I have been googling, but I have only found one million of posts about pulseaudio related stuff, which I am complete uninterested in. I just want to, you know, copy a file. How difficult can it get?

Since I am not what I'd call an expert in the bluetooth stack, I have also tried blueman and blueberry. They seem to do exactly the same: they both pair ok against the phone (pair, unpair, pair, unpair, that's what I do...). Neither of them can connect. Blueman fails silently, though in the terminal I can read something about removed devices or the like (can't remember the exact thing). Blueberry, on the other side, hangs there telling me that can't connect while I sit there enjoying the animated icon in that little window.

I can transfer files using bluetooth between this redmi phone and some other 3 phones or so that I have tested.

But I can't seem to figure how to transfer one file from or to my linux laptop. I suppose the first thing is getting the thing to connect...

So, any ideas there?

Thanks for reading!

----------

## Logicien

Broadcom devices may need firmware files.

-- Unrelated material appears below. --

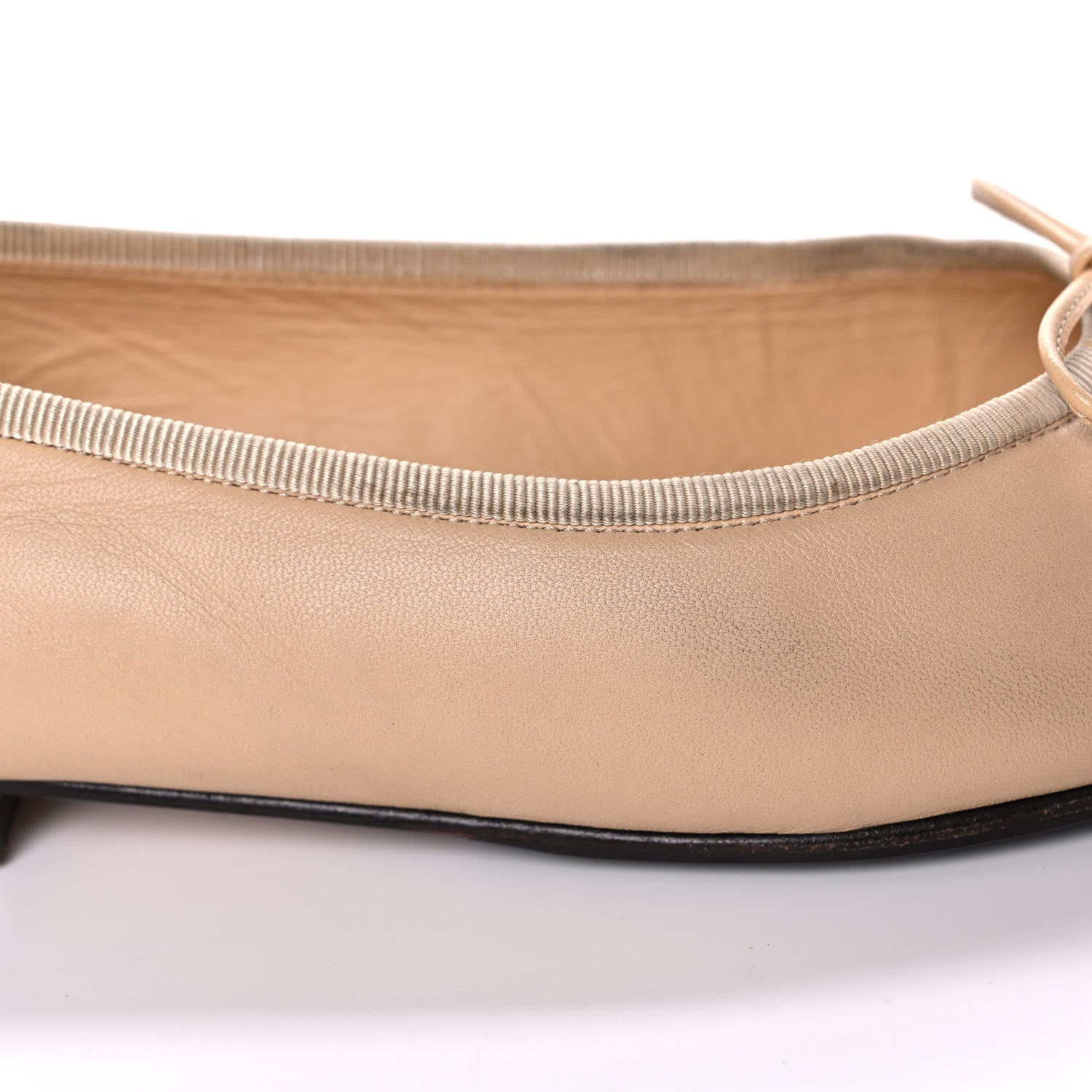 Chanel Lambskin Cap Toe Ballerina Flats 38 Beige Black 12 of 15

Do you have a Dbus session started?

Try to connect from your cellular.

Cellulars have audio capabilities, Bluez may need Pulseaudio

 even if you don't use audio Bluetooth.

----------

## i92guboj

 *Logicien wrote:*   

> Broadcom devices may need firmware files.
> 
> Do you have a Dbus session started?
> 
> 

 

I should. A way to consistently check that would be good   :Laughing: 

In any case, I think that blueman will error out when starting if dbus is not in place. I remember that much from one of my experiments.

 *Quote:*   

> Try to connect from your cellular.

 

Please, define "connect". I have tried pairing both ways and it doesn't seem to make a difference. It pairs, however issuing the connect command from bluetoothctl gives the error above. I don't know how to issue that same command from an Android phone. I usually just use the "share" feature, and then pick "bluetooth" to send something (a photo, for example). It will always fail as well.

----------

## i92guboj

Also, I am asuming that being unable to connect is a bad thing. I have no idea if that's true though.

My only concern is being able to send files one way or the other. That's all I want. I don't need modem capabilities, I don't need to play audio using bluetooth or something like that. Just send a couple photos.

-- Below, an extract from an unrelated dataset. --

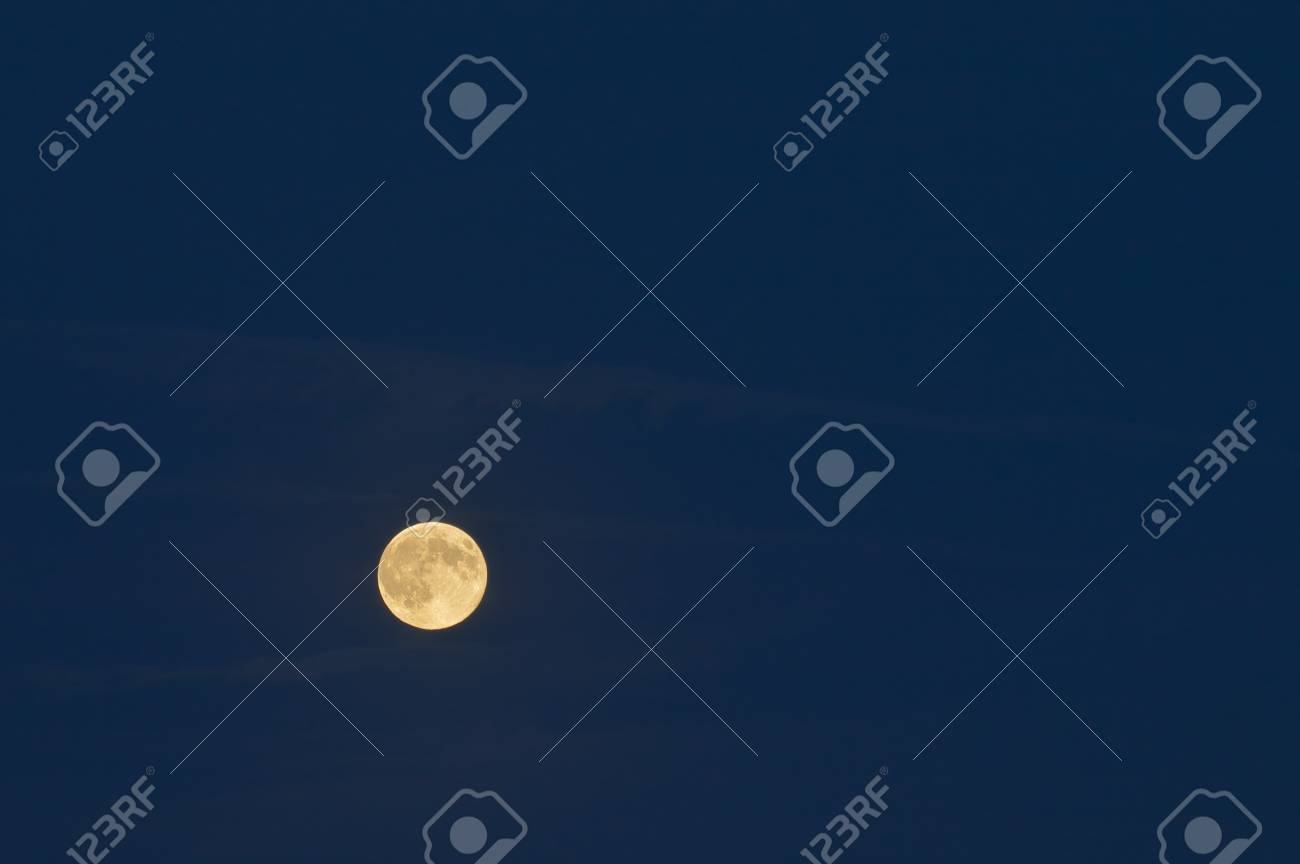 Full Moon Over Dark Blue Sky Gold Full Moon Late Summer Poland Stock Photo Picture And Royalty Free Image Image 34022685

I use my phone when at work to connect to the internet from my laptop, using a wifi zone, and passing photos using that is hurting my data plan badly. I could be using bluetooth for that purpose instead and my life would be much easier. But, as always, getting bluetooth to work is demonstrating to be a daunting task.

----------

## i92guboj

After running circles for several hours, I am able to send files TO the phone. However, I can't still send files FROM the phone TO the laptop, which is precisaly what I need.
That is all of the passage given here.